Supplied records:
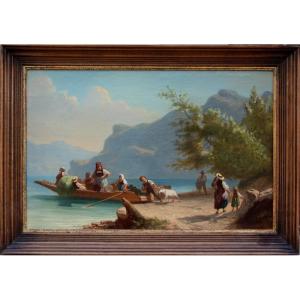 Ferry sur un lac du nord de l'Italie par peintre autrichien ou italien, daté 1839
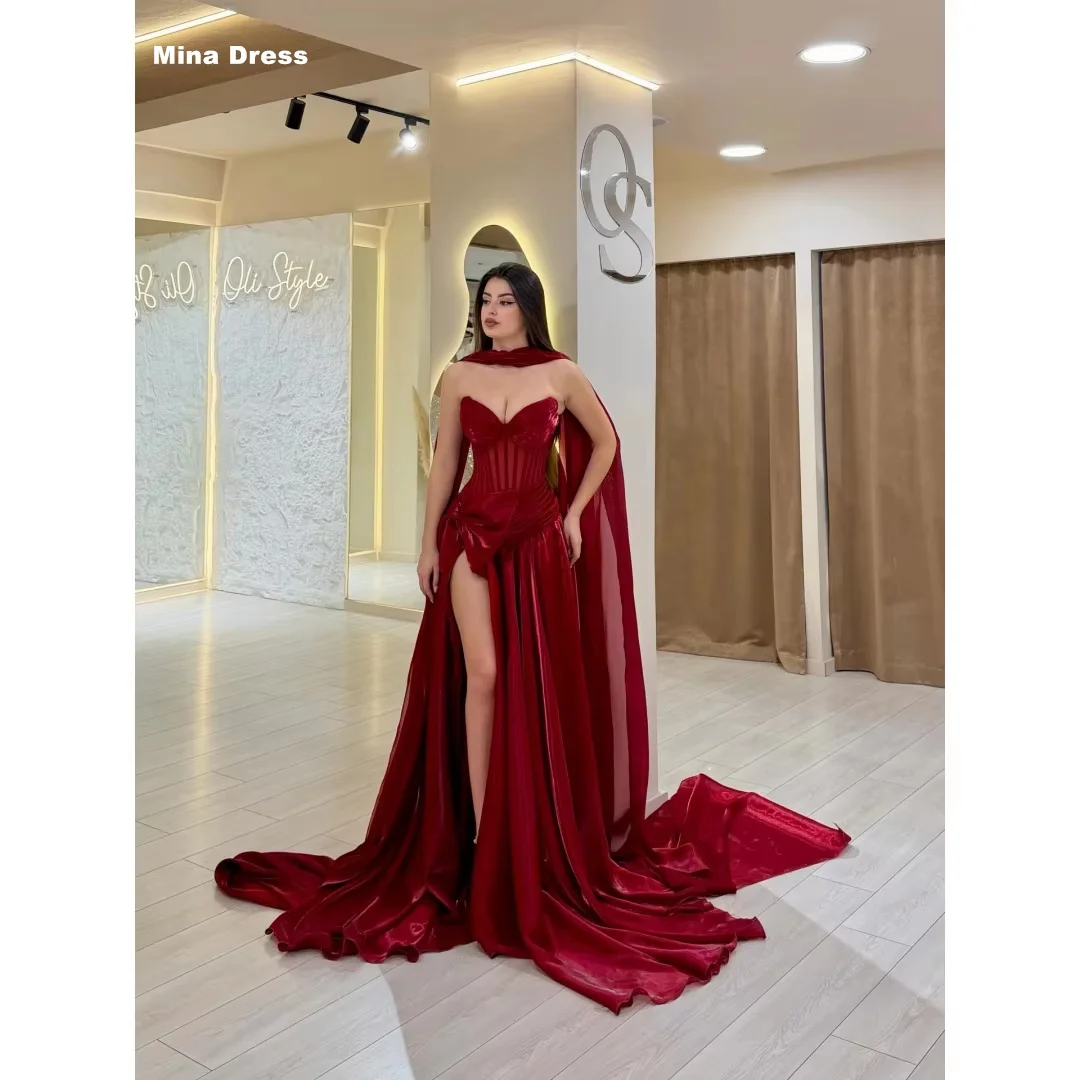 Mina Customized Red Elegant Party Dresses 2026 High Slit Luxury Party Dress Bow Tie Sleeveless Backless Shawl Prom Evening Women
Mina Customized Red Elegant Party Dresses 2026 High Slit Luxury Party Dress Bow Tie Sleeveless Backless Shawl Prom Evening Women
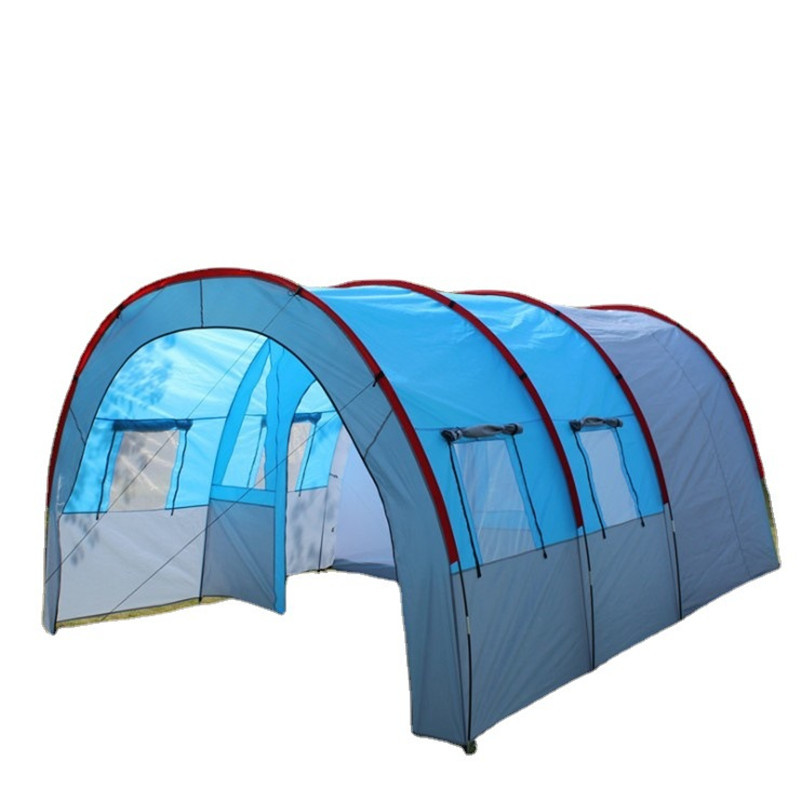 Outdoor Camping Tunnel Tent One Bedroom Two Living Room Multi Person Tent Team Tent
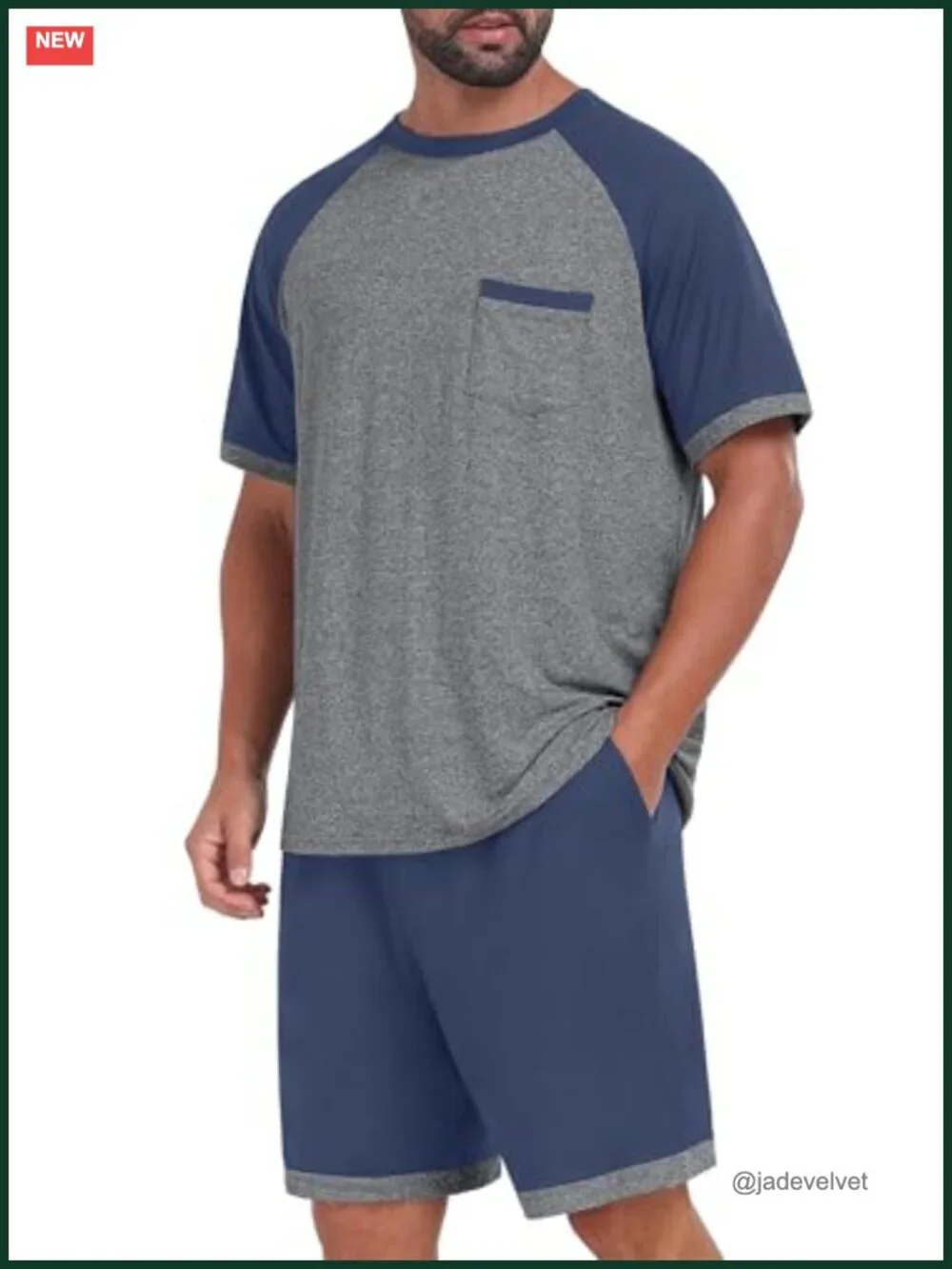 Men's Pajama Set Lightweight Summer Sleepwear Short Sleeve Loungewear with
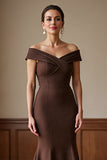 Off The Shoulder Satin Mermaid Brown Mother of the Bride Dress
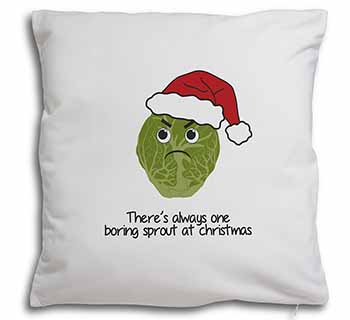 Christmas Grumpy Sprout Soft White Velvet Feel Scatter Cushion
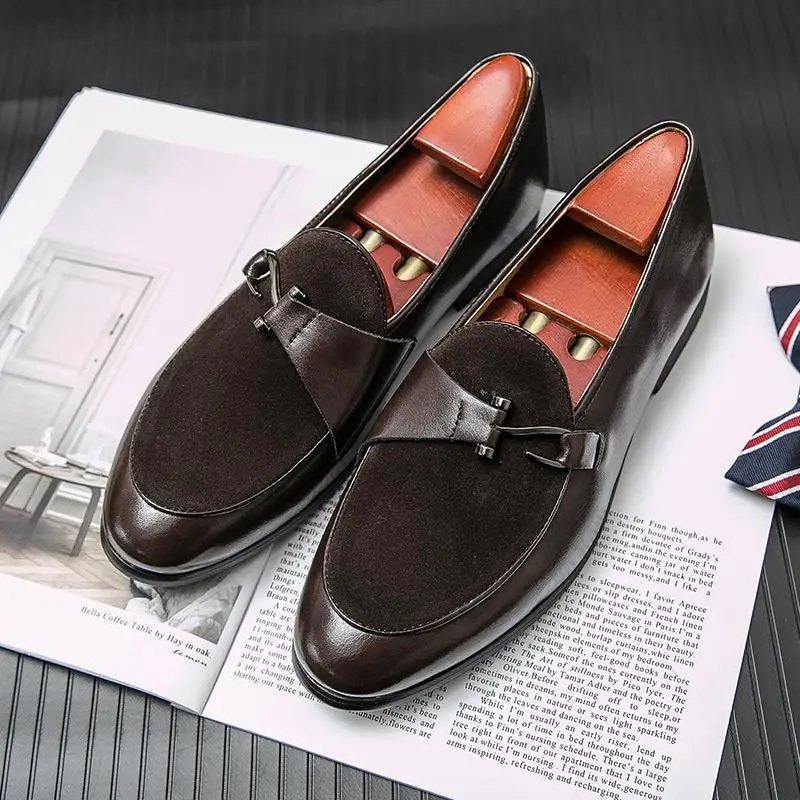 Derby-Chaussures décontractées en cuir pour hommes, chaussures à plateforme noire, robe d'affaires britannique, fête, mariage, nouveau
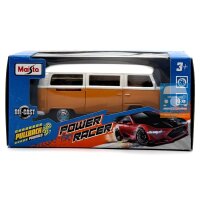 Maisto VW T2 Power racer Kombi orange/weiß 1/43
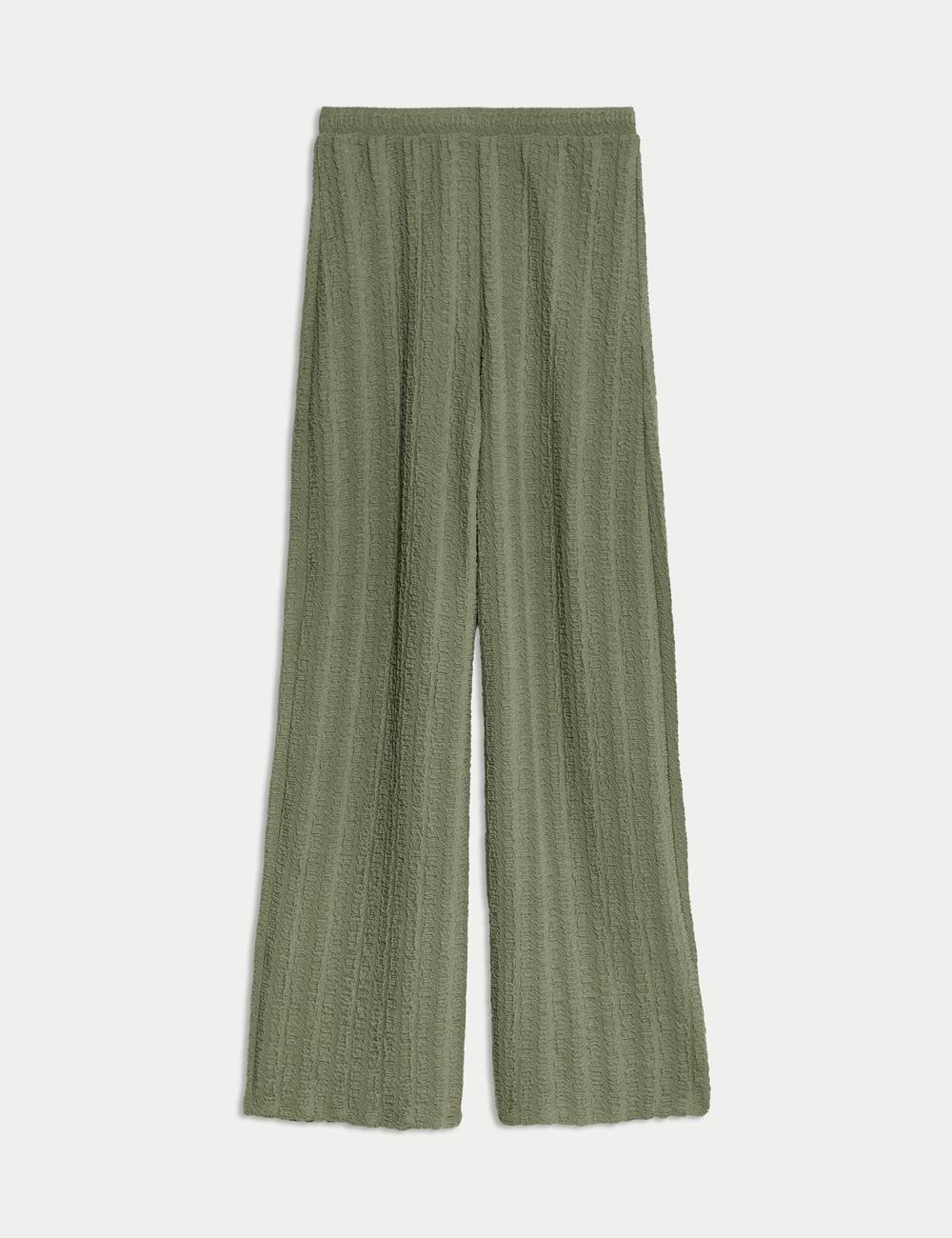 Pantalón de punto con textura de corte ancho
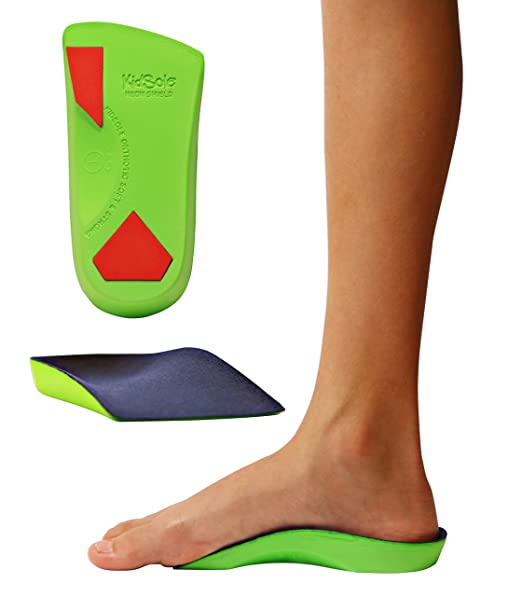 KidSole 3/4 Length Neon Shield Arch Support Insole for kids with foot pronation, flat feet, or any other undiagnosed arch support issues (Big Kids Size US 4-7.5)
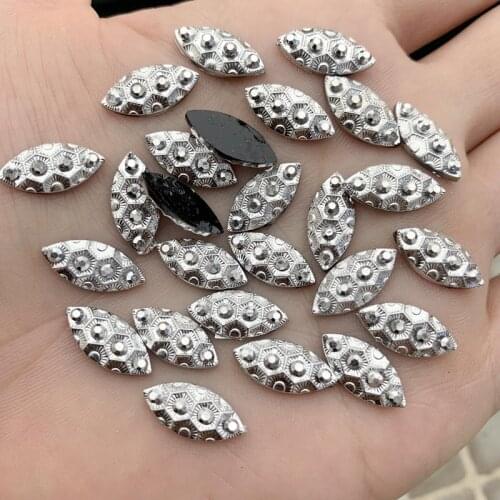DIY 400pcs 7*15mm Silver Horse Eye Resin Crystal Non Hotfix Flat back Rhinestone glitters for 3D Nail Stone -S394*4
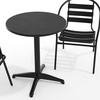 image:imageFlash Furniture TLHALUM24RD017BK2GG Lila 235 Round Aluminum IndoorOutdoor Table Set with 2 Slat Back Chairs BlackBlack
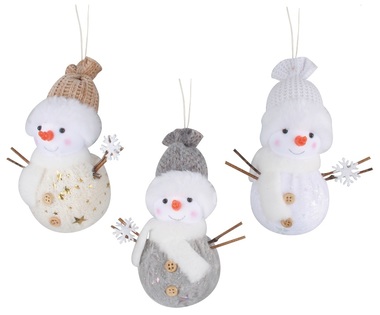 Plush Snowman with Buttons Hanging 15 cm
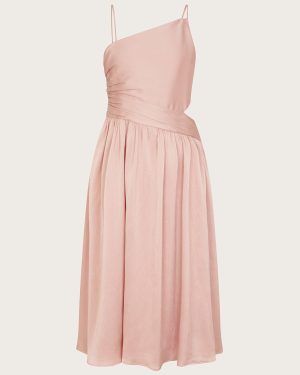 Satin Cut-Out Prom Dress Pink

Activity:
Leave out the pictures and repeat the remaining data exactly.

Solution:
 Ferry sur un lac du nord de l'Italie par peintre autrichien ou italien, daté 1839
 Mina Customized Red Elegant Party Dresses 2026 High Slit Luxury Party Dress Bow Tie Sleeveless Backless Shawl Prom Evening Women
Mina Customized Red Elegant Party Dresses 2026 High Slit Luxury Party Dress Bow Tie Sleeveless Backless Shawl Prom Evening Women
 Outdoor Camping Tunnel Tent One Bedroom Two Living Room Multi Person Tent Team Tent
 Men's Pajama Set Lightweight Summer Sleepwear Short Sleeve Loungewear with
 Off The Shoulder Satin Mermaid Brown Mother of the Bride Dress
 Christmas Grumpy Sprout Soft White Velvet Feel Scatter Cushion
 Derby-Chaussures décontractées en cuir pour hommes, chaussures à plateforme noire, robe d'affaires britannique, fête, mariage, nouveau
 Maisto VW T2 Power racer Kombi orange/weiß 1/43
 Pantalón de punto con textura de corte ancho
 KidSole 3/4 Length Neon Shield Arch Support Insole for kids with foot pronation, flat feet, or any other undiagnosed arch support issues (Big Kids Size US 4-7.5)
DIY 400pcs 7*15mm Silver Horse Eye Resin Crystal Non Hotfix Flat back Rhinestone glitters for 3D Nail Stone -S394*4
 image:imageFlash Furniture TLHALUM24RD017BK2GG Lila 235 Round Aluminum IndoorOutdoor Table Set with 2 Slat Back Chairs BlackBlack
 Plush Snowman with Buttons Hanging 15 cm
 Satin Cut-Out Prom Dress Pink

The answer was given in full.